Competition is increasing across all industries. As Forbes aptly puts it – “It seems that every single month, a new company and potential competitor enters your marketplace. What will separate your company from the competition over time?” Well, what indeed?

In this increasingly competitive global business environment, it’s no longer sufficient to know  about your direct competitors, but to keep your ear to the ground, understand how the  market landscape is changing, learn from your peers, and make sure you’re not only keeping pace to sustain, but working on gaining a sustainable competitive advantage. And, like all things in business, doing this methodically and systematically. 

It is likely that your competitors – or at least some of them – are systematically performing market and competitive intelligence (M&CI) to make informed strategic decisions. If they are doing it, then they are definitely leveraging it to gain a competitive advantage. 

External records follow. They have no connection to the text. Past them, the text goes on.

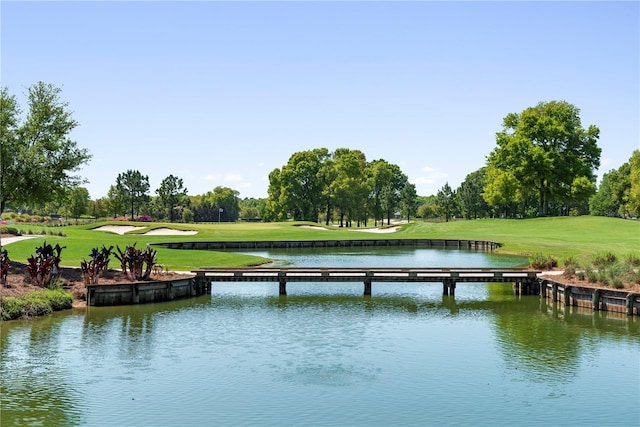 view of dock with a water view and a lawn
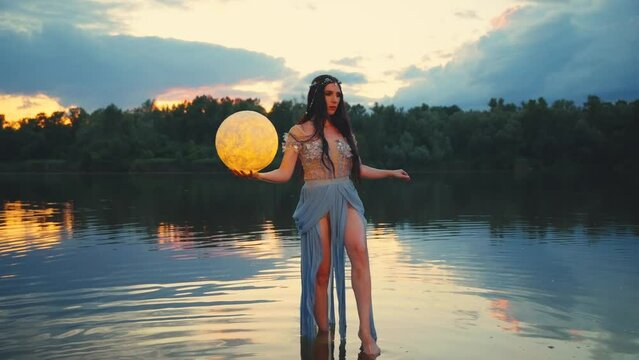 Fantasy woman holding moon magic light glowing planet in hand. Girl goddess night elf beauty face blacl long hair, river nymph wet blue dress, stands on water dark sky clouds lake. Lady fairy art. 4k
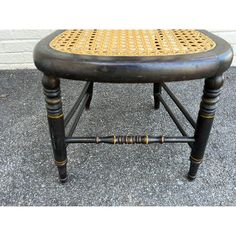 an old wooden stool with wicker seat and caned backrests on concrete ground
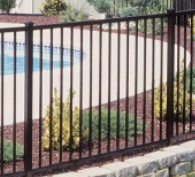 A black metal swimming pool fence installed atop a stone retaining wall in a backyard.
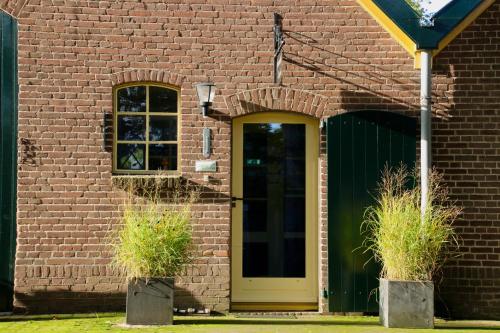 ทางเข้า, Gastenverblijf Eenink in เฮนเจโล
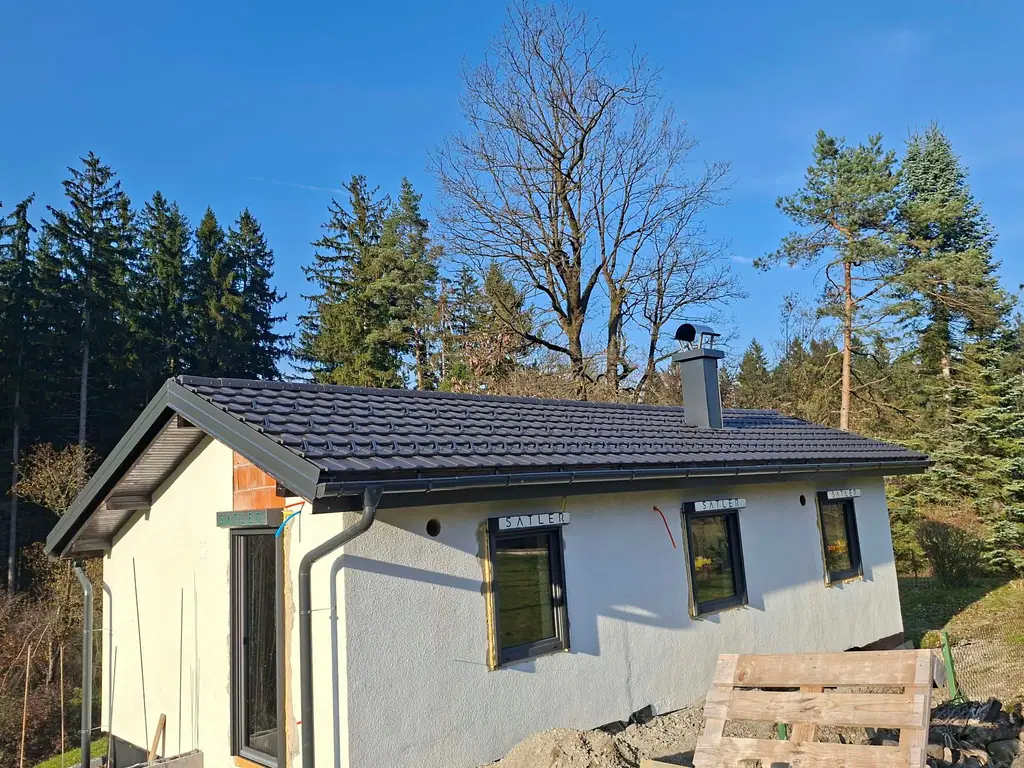 Pritlična novogradnja z dokončano temno kritino in dimnikom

In this article, let us understand what competitive analysis is, why it is important, and how to analyze your competitive landscape. In addition, you get a free competitive analysis template to get started! Let’s begin. 

What is a competitive analysis and why is it important?

Competitive analysis is a methodology to understand how your company compares with your both direct and indirect competitors. It helps you to:

  • Gain a comprehensive understanding of your competitors including their strengths, weaknesses, products, services, and overall value proposition.
  • Predict competitors’ strategic moves and give you opportunities to outsmart them in the market.
  • Understand where each company (including your own), stands in the competitive landscape.
  • Identify potential threats from other products and companies that could satisfy the same needs as your company.
  • Surface potential opportunities that are unmet needs of your target customer segment.
  • Forecast future market conditions, aids in planning, and enhances future business decisions.

There is one common mistake that limits the companies from getting the most out of competitive analysis. The mistake is that it is done at a regular interval – sometimes just once a year. It is a mistake because your competitive landscape is always evolving. New competitors will emerge, and existing competitors will adapt their strategies and tactics. This is why companies conducting competitive analyses on an annual, semiannual, or quarterly basis, do not get the maximum value out of competitive analysis. This has to be a “continuous” process.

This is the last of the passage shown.